Starting at the line that contains "Μοντέρνες ανδρικές μπότες" and stopping after the line that contains "22 Deep Woods Road Property Photo 2", transcribe the listing below exactly; do not include any pictures.

━━━ Records for this task ━━━

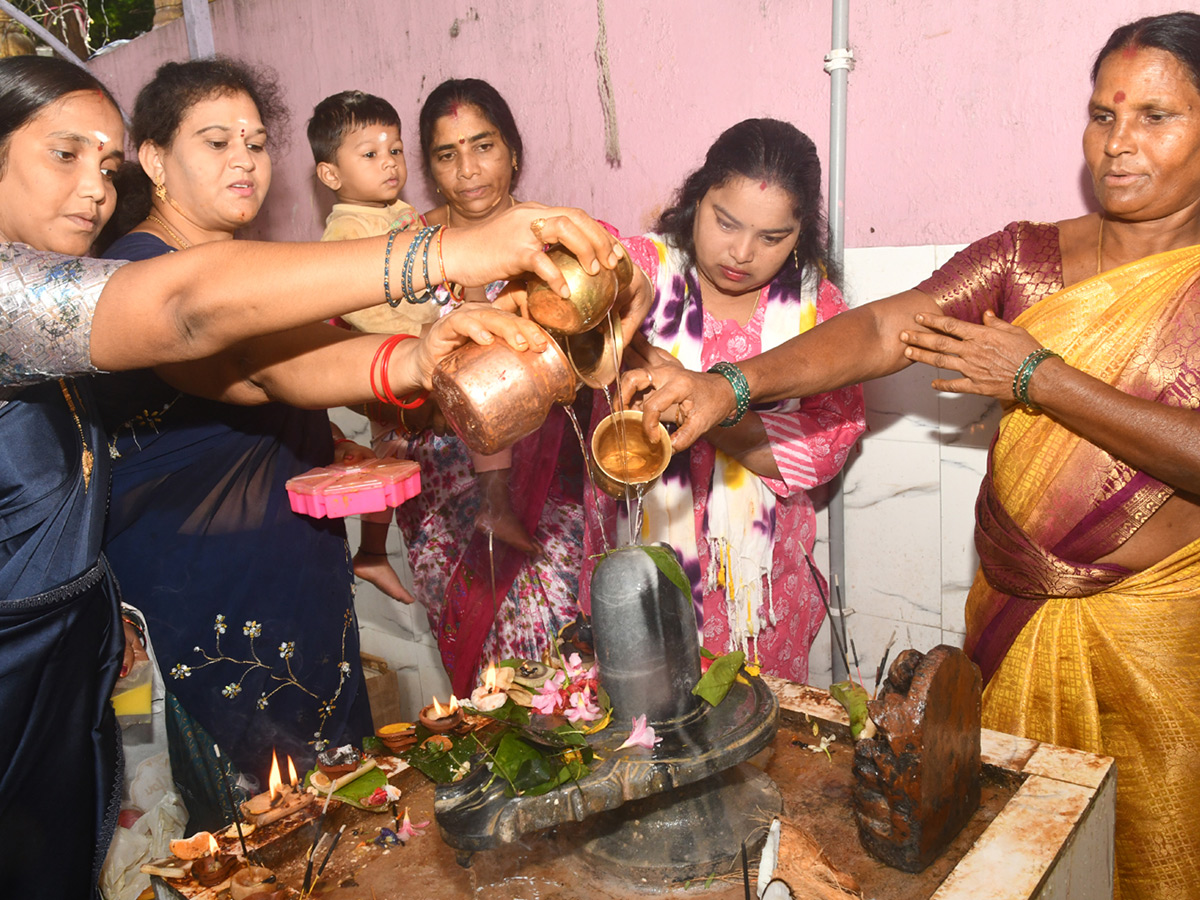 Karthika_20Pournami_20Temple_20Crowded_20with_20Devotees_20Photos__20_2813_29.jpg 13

━━━
━━━ Records for this task ━━━

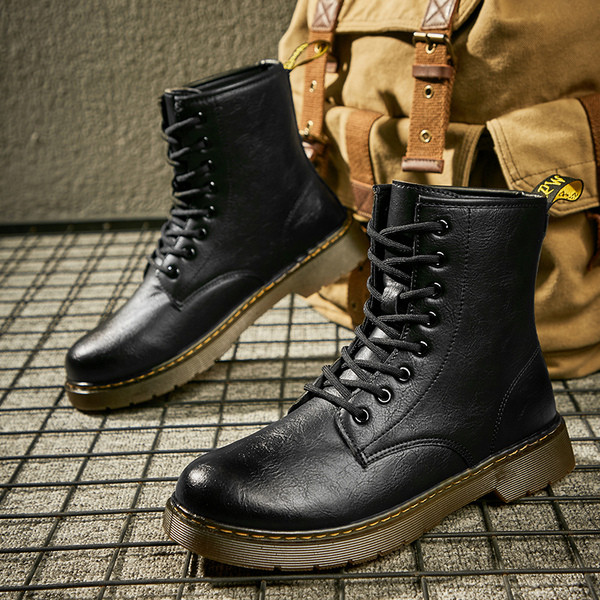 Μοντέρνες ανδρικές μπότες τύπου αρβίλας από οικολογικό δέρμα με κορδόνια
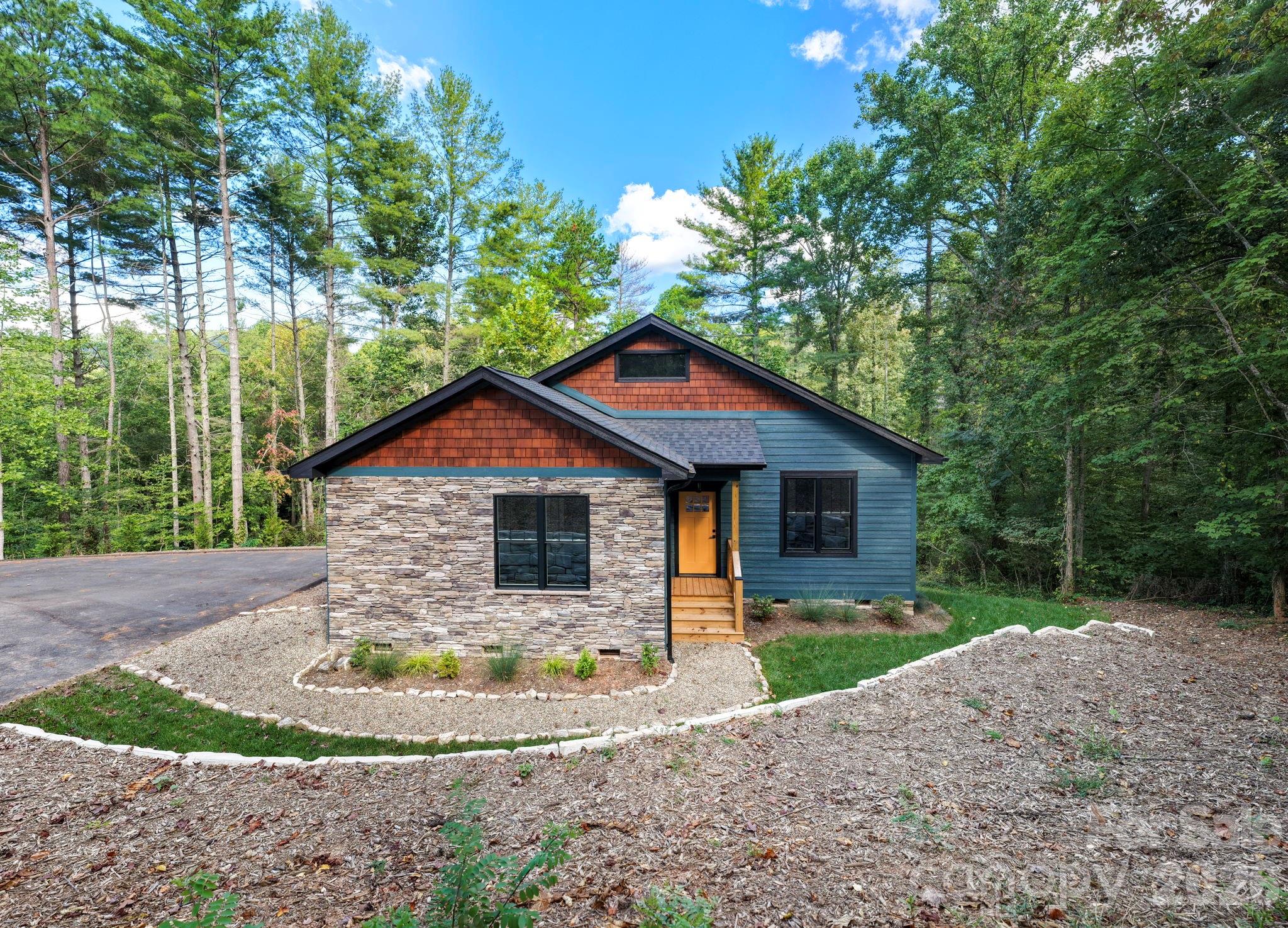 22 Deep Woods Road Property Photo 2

━━━

▶ [Output below]:
 Μοντέρνες ανδρικές μπότες τύπου αρβίλας από οικολογικό δέρμα με κορδόνια
 22 Deep Woods Road Property Photo 2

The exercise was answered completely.